Notice something else — The final decision to reject is not the Bundle Room officer’s to make; the decision rests with a higher Administrative authority. The Bundle Room officer can only question the appropriateness of material, based on policy, and then bring it to the attention his supervisor. He cannot refuse material on his own. That limitation on the powers of the front-line mail officer is almost a sea change in our system.

And even the Deputy Superintendent is limited by policy. She

…may not reject a publication solely because its content is religious, philosophical, political, social, or because its content is unpopular or repugnant.”


We must wait to see when we receive these books, and if we receive everything we bought….


2 thoughts on “MOTHER, MAY I? OR, “The truck won’t come in again ’til next week”

  1. I would think the first time the deputy approved the list of books you were buying would be the last time anyone needed to get involved. Now I know where some of my tax money is being wasted in corrections – sounds like we could save a few million just by having a reasonable policy like “the librarian can buy books.”

    As a public librarian I have twice been contacted by inmates requesting information. I have answered the questions and both times had the article refused by the prison and sent back to me. The first time is was obvious why this was done, information requested was questionable. The second time the request seemed legitimate – I just photocopies some pages out of a book about the cold war and sent it to the prisoner (the copied section was about foreign policy and didn’t contain any info about weapons or anything like that). The prison officials sent it back anyway.

    • You used the phrase “reasonable policy,” which made me think: “Is it not ‘reasonable’ for corrections to control the flow of information both in and out of its prisons?” The answer is “Yes.” The judicial branch, through case law, recognizes the authority of prison administrators in this area.

      Correctional Librarians may, in fact, buy books. We buy books all the time. But it’s not ‘Anything goes.’ Of necessity, the autonomy to purchase books must be tempered with the security and program needs of the prison.

      I have learned that that same thing goes for public library information requests.
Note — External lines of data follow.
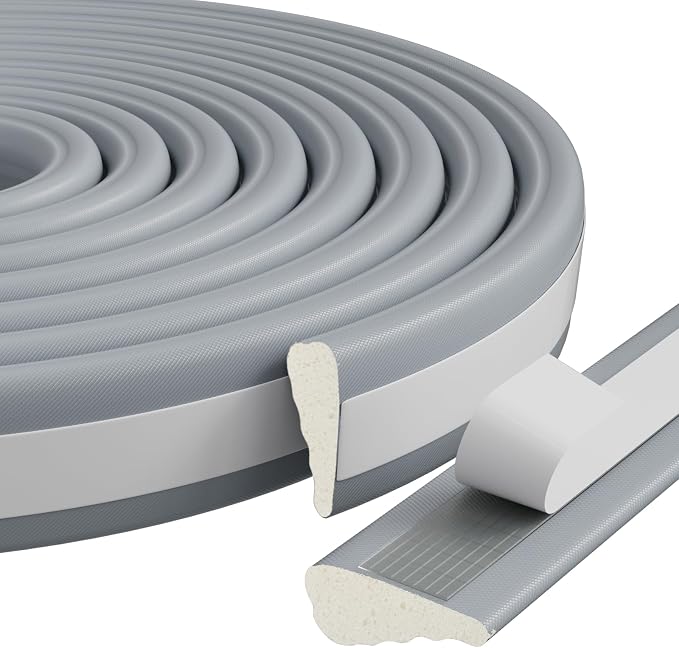 3 Pack*16.4 Ft Weather Stripping Seal Strip by Cuysfead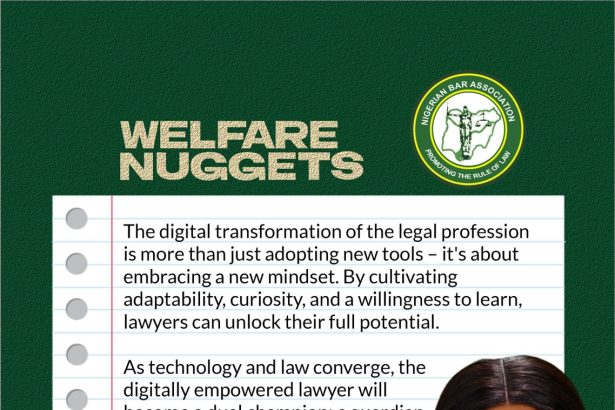 NBA Welfare Nuggets: Audrey Ofoegbunam Champions Digital Mindset for the Modern Lawyer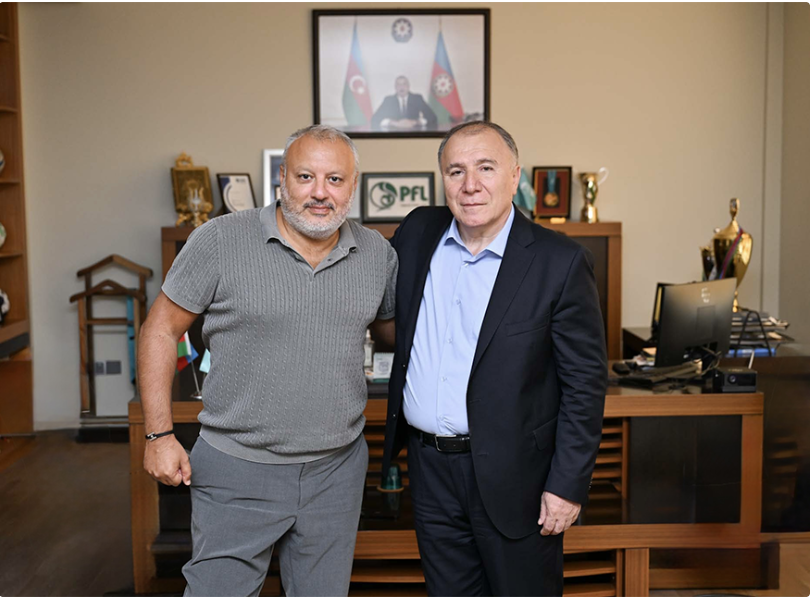 İsgəndər Cavadov PFL-in qonağı oldu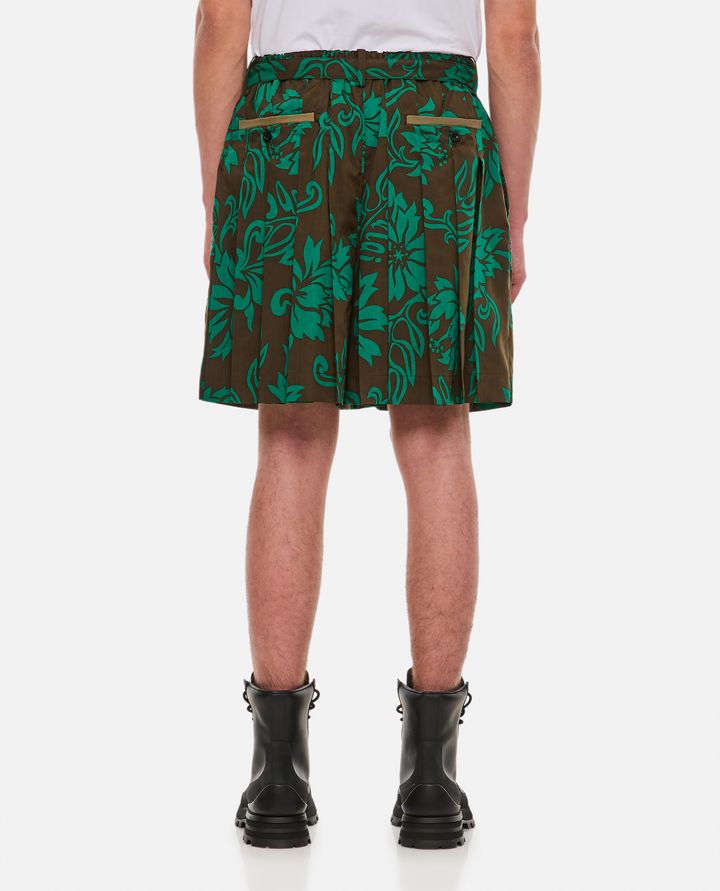 Biffi PANTALONI CORTI CON STAMPA FLOREALE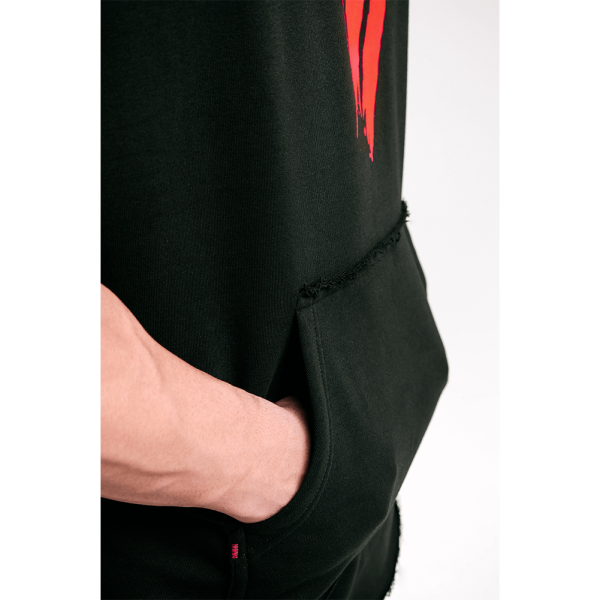 Boogieman Hoodie Sleeveless 120 BLACK Boogieman Hoodie Sleeveless 120 BLACK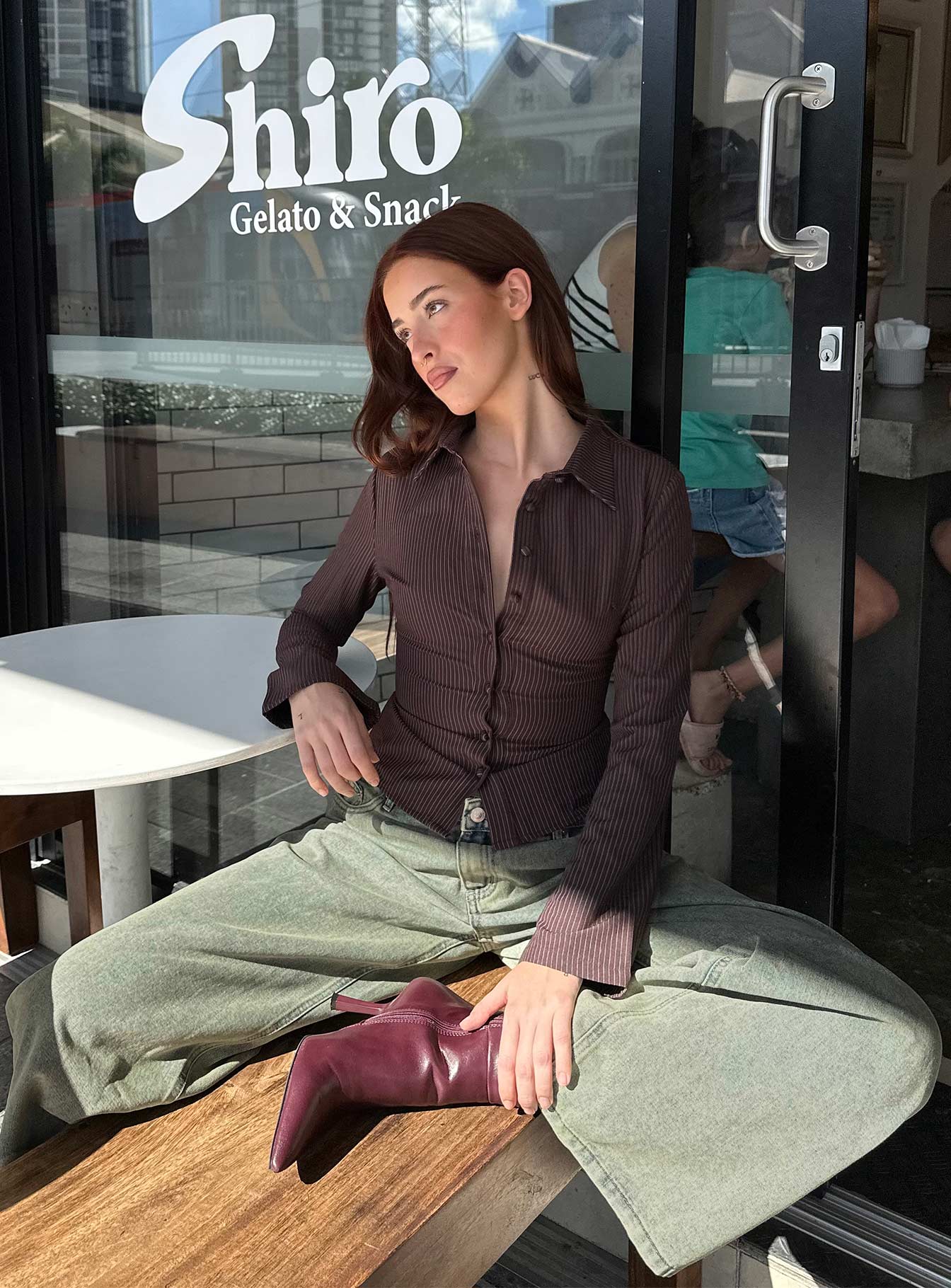 Lenia | Bluse mit weiten Ärmeln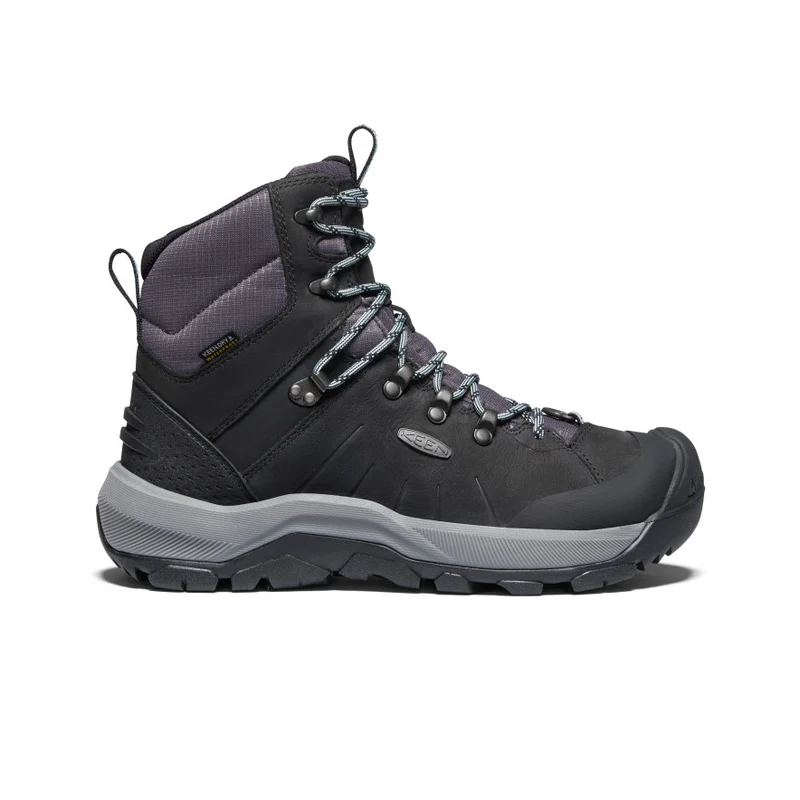 Revel IV Mid Polar Wasserdichte Wanderstiefel für Damen | Black/Harbor Gray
When it comes to inmate letters, the best policy is to call/email the Librarian at that prison to see if the request is an appropriate one. Local Librarians call me when they’re in doubt over certain requests. I’m also in touch with our regional ILL Librarians when they have a question about whether to send in certain books. Also, the owners of local book stores will contact us when they’re not sure how/if to handle an inmate request.

      Also, some prison regulatory language is public-accessible, either through the DOC’s own web site or through a local trial court law library system. Locating the corresponding prison policy allows you to learn about the type of material that is accepted/excluded before you respond to the request.